§ WHAT YOU ARE ASKED TO DO:
In the listing that follows, the lines starting at the one containing "不過逛街淋濕了 可以一起進房洗澡😈" and ending at the one containing "Disha Parmar Instagram" are to be returned exactly, both boundary lines included, and no others.

§ SUPPLIED MATERIAL:
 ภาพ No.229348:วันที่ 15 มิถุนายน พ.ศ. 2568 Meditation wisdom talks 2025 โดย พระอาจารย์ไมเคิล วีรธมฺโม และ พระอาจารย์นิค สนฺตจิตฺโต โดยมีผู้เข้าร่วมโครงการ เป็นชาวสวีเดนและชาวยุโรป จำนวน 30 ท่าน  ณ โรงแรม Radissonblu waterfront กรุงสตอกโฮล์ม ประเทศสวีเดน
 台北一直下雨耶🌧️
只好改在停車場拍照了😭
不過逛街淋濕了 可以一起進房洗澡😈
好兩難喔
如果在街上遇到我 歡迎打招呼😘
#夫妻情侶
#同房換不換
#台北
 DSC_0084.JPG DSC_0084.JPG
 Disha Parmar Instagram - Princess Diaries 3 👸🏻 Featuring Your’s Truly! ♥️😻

...

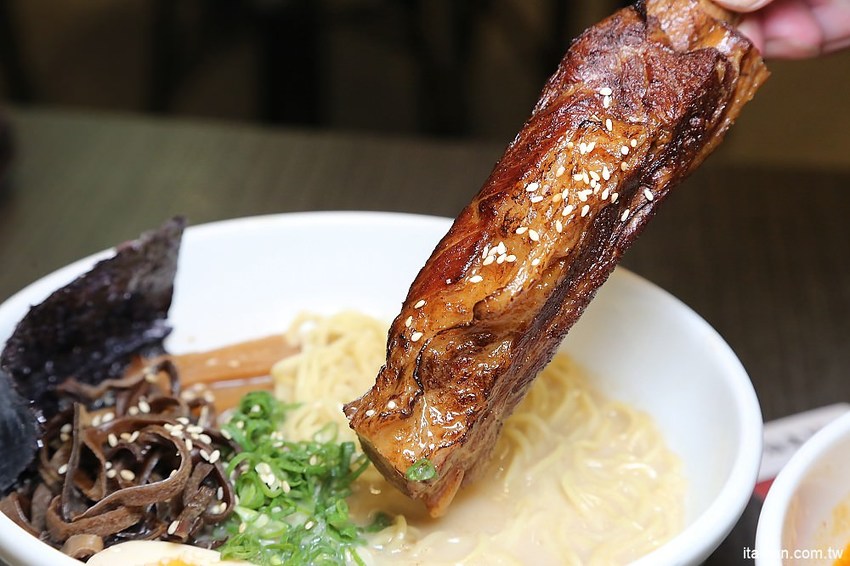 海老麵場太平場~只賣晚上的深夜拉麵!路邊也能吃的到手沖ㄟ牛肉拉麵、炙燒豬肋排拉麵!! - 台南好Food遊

§ ANSWER SPACE:
不過逛街淋濕了 可以一起進房洗澡😈
好兩難喔
如果在街上遇到我 歡迎打招呼😘
#夫妻情侶
#同房換不換
#台北
 DSC_0084.JPG DSC_0084.JPG
 Disha Parmar Instagram - Princess Diaries 3 👸🏻 Featuring Your’s Truly! ♥️😻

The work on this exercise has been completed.